Work request ▸
Repeat the listing word for word, but skip any pictures.
───── Stored data
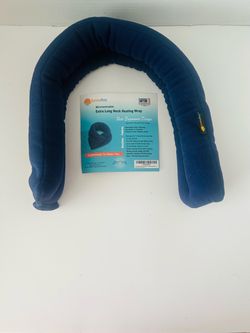 SunnyBay BioMed Microwavable Cotton & Fleece Extra Long Neck Heating Blue Wrap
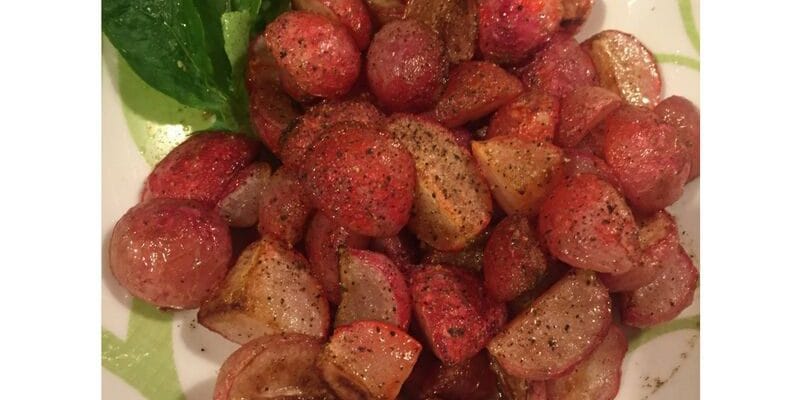 Padellata di ravanelli Padellata di ravanelli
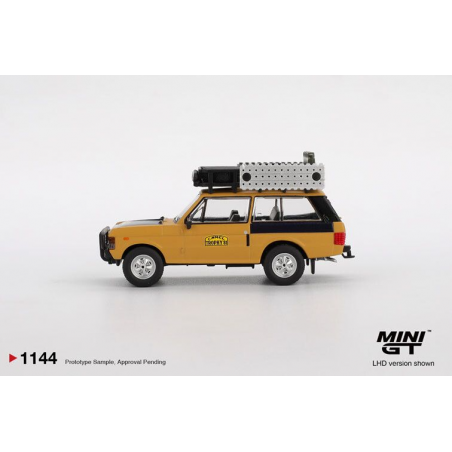 Land Rover Range Rover Camel Trophy S. '81 Swoboda & Mentel, 1:64, MiniGT (1144) (Blister verpakking)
──────────
Reply to the exercise ▸
 SunnyBay BioMed Microwavable Cotton & Fleece Extra Long Neck Heating Blue Wrap
 Padellata di ravanelli Padellata di ravanelli
 Land Rover Range Rover Camel Trophy S. '81 Swoboda & Mentel, 1:64, MiniGT (1144) (Blister verpakking)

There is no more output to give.